What the task asks: When you reach the line containing "Dewalt Cordless Combo" in the entries below, begin reproducing lines exactly, and stop once the line containing "H is for Holsteiner Tough Phone Case" is done.

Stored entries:
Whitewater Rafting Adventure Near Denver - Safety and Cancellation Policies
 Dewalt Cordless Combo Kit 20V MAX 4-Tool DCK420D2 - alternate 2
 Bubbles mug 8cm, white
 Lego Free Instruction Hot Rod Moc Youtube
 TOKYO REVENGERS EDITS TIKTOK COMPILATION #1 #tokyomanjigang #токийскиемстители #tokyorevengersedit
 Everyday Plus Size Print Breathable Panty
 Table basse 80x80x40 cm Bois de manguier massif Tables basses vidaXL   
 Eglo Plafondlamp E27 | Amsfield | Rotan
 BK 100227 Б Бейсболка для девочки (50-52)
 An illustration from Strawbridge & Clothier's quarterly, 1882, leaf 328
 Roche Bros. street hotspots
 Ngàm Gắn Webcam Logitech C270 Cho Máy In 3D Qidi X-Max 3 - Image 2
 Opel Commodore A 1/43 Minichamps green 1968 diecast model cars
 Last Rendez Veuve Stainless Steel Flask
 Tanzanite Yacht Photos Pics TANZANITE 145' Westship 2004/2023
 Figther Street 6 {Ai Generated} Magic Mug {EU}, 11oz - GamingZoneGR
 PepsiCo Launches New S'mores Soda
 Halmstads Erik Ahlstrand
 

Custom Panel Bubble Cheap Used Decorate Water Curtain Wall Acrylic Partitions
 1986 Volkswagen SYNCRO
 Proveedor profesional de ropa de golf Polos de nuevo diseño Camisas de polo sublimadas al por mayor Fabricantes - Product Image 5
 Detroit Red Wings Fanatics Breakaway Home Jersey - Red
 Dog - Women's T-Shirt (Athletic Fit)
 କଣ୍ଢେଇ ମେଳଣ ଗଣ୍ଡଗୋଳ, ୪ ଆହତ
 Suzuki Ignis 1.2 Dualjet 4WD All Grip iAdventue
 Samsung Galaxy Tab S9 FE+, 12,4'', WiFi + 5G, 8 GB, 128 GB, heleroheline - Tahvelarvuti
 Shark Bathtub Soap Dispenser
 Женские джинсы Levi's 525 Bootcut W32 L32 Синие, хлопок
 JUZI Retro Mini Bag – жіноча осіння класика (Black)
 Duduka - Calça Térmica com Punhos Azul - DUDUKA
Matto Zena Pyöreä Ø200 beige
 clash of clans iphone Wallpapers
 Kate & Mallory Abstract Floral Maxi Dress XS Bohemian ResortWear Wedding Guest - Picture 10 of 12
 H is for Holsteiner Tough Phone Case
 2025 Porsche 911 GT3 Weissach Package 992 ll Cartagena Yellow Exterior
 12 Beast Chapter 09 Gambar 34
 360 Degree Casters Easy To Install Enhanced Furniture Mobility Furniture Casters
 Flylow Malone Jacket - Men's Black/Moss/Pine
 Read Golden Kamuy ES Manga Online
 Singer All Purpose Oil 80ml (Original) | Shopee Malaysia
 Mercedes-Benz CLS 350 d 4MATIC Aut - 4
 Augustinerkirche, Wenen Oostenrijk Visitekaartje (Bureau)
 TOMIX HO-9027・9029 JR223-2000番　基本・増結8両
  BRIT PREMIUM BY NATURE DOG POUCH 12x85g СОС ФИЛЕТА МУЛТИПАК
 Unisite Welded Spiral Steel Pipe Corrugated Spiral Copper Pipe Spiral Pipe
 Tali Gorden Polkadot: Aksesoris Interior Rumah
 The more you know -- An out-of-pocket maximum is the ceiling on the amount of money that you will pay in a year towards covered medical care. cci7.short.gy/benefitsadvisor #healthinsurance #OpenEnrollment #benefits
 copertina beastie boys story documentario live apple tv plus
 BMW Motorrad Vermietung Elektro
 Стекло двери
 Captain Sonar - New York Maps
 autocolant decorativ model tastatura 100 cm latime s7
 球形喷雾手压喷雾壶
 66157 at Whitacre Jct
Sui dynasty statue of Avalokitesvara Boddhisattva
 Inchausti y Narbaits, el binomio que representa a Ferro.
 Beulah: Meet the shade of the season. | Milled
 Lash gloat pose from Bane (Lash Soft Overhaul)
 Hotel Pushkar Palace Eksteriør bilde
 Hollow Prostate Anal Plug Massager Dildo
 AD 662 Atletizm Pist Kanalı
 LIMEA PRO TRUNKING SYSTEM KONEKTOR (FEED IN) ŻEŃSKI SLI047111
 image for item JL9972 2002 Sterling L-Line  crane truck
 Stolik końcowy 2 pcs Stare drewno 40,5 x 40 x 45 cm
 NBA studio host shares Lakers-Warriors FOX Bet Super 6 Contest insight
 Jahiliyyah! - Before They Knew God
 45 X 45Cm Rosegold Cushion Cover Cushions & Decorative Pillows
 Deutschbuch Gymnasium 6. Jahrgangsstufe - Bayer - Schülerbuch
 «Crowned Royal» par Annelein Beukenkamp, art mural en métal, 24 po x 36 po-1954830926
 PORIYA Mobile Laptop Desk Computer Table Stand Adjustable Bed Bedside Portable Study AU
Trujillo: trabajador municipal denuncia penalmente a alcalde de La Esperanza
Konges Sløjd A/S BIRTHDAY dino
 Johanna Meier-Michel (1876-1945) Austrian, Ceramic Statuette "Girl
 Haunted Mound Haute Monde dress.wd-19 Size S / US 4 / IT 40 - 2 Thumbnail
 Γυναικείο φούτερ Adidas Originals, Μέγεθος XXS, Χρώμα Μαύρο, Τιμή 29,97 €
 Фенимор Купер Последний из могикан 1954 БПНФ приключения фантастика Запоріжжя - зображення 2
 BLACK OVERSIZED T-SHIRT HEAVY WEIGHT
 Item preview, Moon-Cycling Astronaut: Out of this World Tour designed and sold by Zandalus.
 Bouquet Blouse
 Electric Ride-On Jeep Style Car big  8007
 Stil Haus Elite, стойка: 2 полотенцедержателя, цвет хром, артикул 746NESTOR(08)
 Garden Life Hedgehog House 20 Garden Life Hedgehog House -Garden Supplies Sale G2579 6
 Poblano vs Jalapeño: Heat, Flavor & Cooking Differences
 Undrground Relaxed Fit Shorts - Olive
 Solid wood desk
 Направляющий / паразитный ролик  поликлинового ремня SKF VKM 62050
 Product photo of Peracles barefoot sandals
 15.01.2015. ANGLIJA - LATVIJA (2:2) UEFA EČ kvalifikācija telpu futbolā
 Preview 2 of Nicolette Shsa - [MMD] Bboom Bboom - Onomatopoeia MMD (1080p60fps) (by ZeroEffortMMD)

Answer for this exercise:
 Dewalt Cordless Combo Kit 20V MAX 4-Tool DCK420D2 - alternate 2
 Bubbles mug 8cm, white
 Lego Free Instruction Hot Rod Moc Youtube
 TOKYO REVENGERS EDITS TIKTOK COMPILATION #1 #tokyomanjigang #токийскиемстители #tokyorevengersedit
 Everyday Plus Size Print Breathable Panty
 Table basse 80x80x40 cm Bois de manguier massif Tables basses vidaXL   
 Eglo Plafondlamp E27 | Amsfield | Rotan
 BK 100227 Б Бейсболка для девочки (50-52)
 An illustration from Strawbridge & Clothier's quarterly, 1882, leaf 328
 Roche Bros. street hotspots
 Ngàm Gắn Webcam Logitech C270 Cho Máy In 3D Qidi X-Max 3 - Image 2
 Opel Commodore A 1/43 Minichamps green 1968 diecast model cars
 Last Rendez Veuve Stainless Steel Flask
 Tanzanite Yacht Photos Pics TANZANITE 145' Westship 2004/2023
 Figther Street 6 {Ai Generated} Magic Mug {EU}, 11oz - GamingZoneGR
 PepsiCo Launches New S'mores Soda
 Halmstads Erik Ahlstrand
 

Custom Panel Bubble Cheap Used Decorate Water Curtain Wall Acrylic Partitions
 1986 Volkswagen SYNCRO
 Proveedor profesional de ropa de golf Polos de nuevo diseño Camisas de polo sublimadas al por mayor Fabricantes - Product Image 5
 Detroit Red Wings Fanatics Breakaway Home Jersey - Red
 Dog - Women's T-Shirt (Athletic Fit)
 କଣ୍ଢେଇ ମେଳଣ ଗଣ୍ଡଗୋଳ, ୪ ଆହତ
 Suzuki Ignis 1.2 Dualjet 4WD All Grip iAdventue
 Samsung Galaxy Tab S9 FE+, 12,4'', WiFi + 5G, 8 GB, 128 GB, heleroheline - Tahvelarvuti
 Shark Bathtub Soap Dispenser
 Женские джинсы Levi's 525 Bootcut W32 L32 Синие, хлопок
 JUZI Retro Mini Bag – жіноча осіння класика (Black)
 Duduka - Calça Térmica com Punhos Azul - DUDUKA
Matto Zena Pyöreä Ø200 beige
 clash of clans iphone Wallpapers
 Kate & Mallory Abstract Floral Maxi Dress XS Bohemian ResortWear Wedding Guest - Picture 10 of 12
 H is for Holsteiner Tough Phone Case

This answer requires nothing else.